Переломным стал 2014-й. Причем не «крымское» начало этого года, а середина. Разрыв с Западом произошел из-за донбасской войны и сбития пассажирского «Боинга». Вовсе не Крым требовали тогда Обама и европейцы. С его потерей они сразу смирились и молили лишь о том, что считали выгоднейшей для Москвы сделкой — в обмен на отказ от санкций отступить из Донецка и изобразить наказание исполнителей, которые стреляли из «Бука».

Кажется, Путин день или два колебался. Потом решил «своих не сдавать». И это стало нерушимым принципом: ошибок не признавать и ни в чем не уступать даже на миллиметр. Понимал вождь или нет, но это был и отказ от собственного его везения. С растущим грузом не исправляемых промахов оно несовместимо.

Прошло шесть лет. Ошибки копились. Мало-помалу, и особенно с пенсионной реформы 2018 года, народ начал осознавать, что последствия странных и неудачных решений режима и его главы ложатся не столько на руководящую группу, сколько на страну.

Наступает 2020-й. Специалисты по автократиям считают, что вечное президентство не укрепляет режимы такого типа, а наоборот — расшатывает. Поскольку ставит личные и узкогрупповые интересы впереди интересов системы, и в том числе привилегированных слоев. Но одной этой ошибки мало. Несменяемую власть не просто продавливают формальным порядком. Ради нее налаживают еще и плебисцит, политическая неуместность которого очевидна с самого начала. Люди раздражены манипуляциями над собой. Напряжение растет.

После этого достаточно любого повода. Каковым и стало августовское отравление Алексея Навального. И даже не столько оно, сколько фирменный отказ режима признать даже сам факт покушения и хотя бы инсценировать его расследование.

Последующая ссора с Западом шла по стандартному сценарию. Европейцы буквально валялись в ногах, просили дать им хоть малюсенькую возможность сохранить лицо, молили согласиться в самых туманных выражениях, что умышленное отравление оппозиционера боевым ОВ хотя бы теоретически может обсуждаться. Но Путин проявил полную неумолимость. Возможно, не догадываясь, что эта твердость больше не приводит народ в экстаз, да и вообще не вызывает в нем интереса. Унылое конформистское поддакивание таковым не является. Не говоря уже о все более заметных и широких протестах.

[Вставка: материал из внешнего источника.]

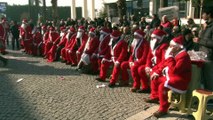 Arsa mağdurlarından 'Noel Baba' kıyafetli eylem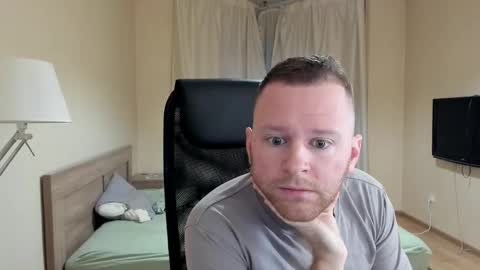 Snapshot of michael_birkin chatting on October 2025 04:00:02 AM Michael Birkin online show from October 2025 04:00:02 AM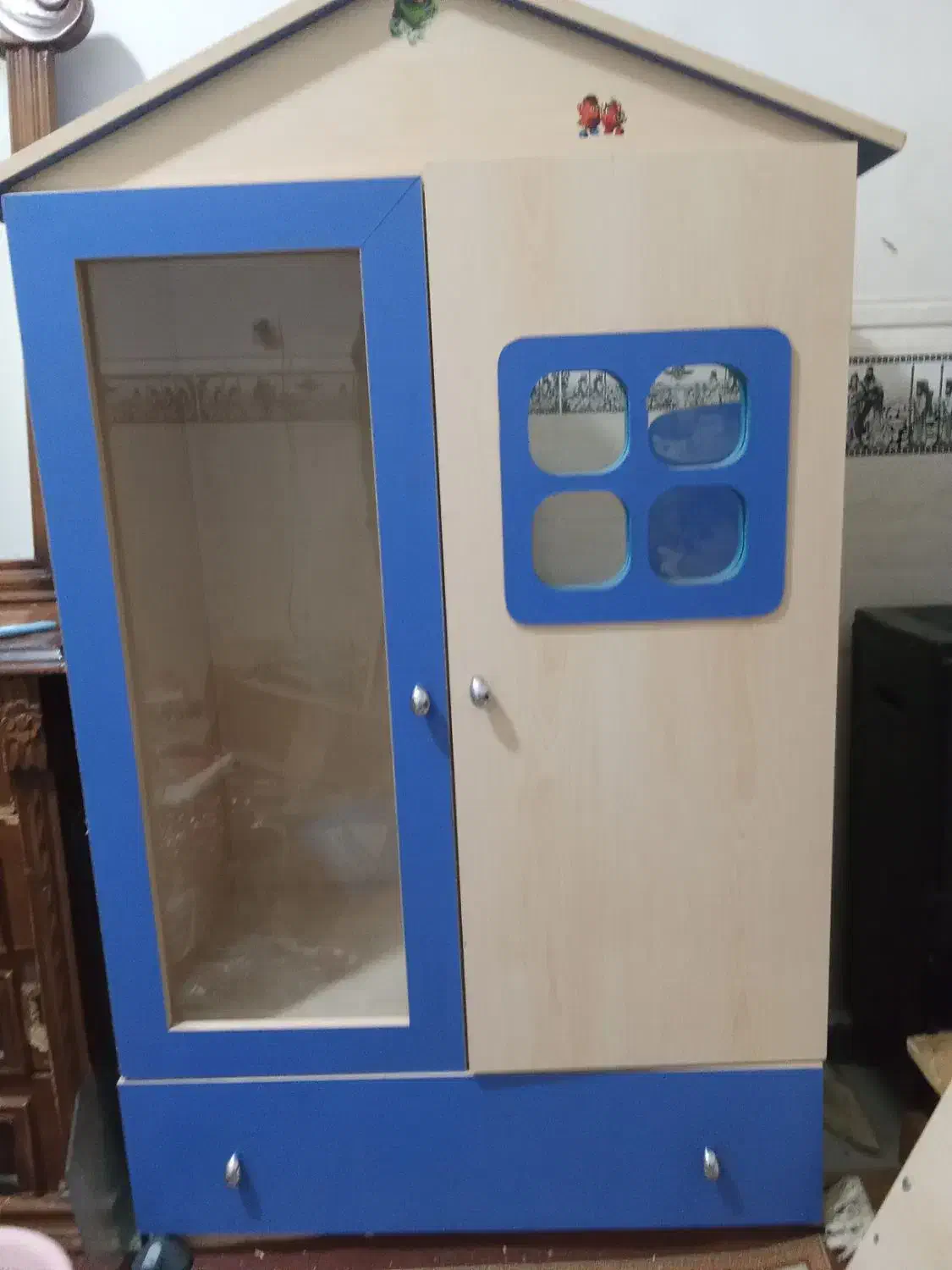 تخت وکمدنوجوان|تخت و سرویس خواب|شیراز, بهارستان|دیوار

Но режим загнал себя в коридор ошибок и движется этим сужающимся путем все дальше. Сыграть назад, даже если допустить, что власти этого бы захотели, уже почти невозможно. Приходится совершать все новые промахи, воспринимаемые массами как странности и бессмысленные жестокости и нисколько не располагающие следовать за озлобленными и невезучими властями.

Чего теперь ждать? В дальнюю перспективу заглянуть невозможно. А в близкой, вероятно, налаживается какая-то комбинация бездумного силового нажима и денежных раздач — того единственного способа обольщения народа, который режим себе еще не до конца запретил.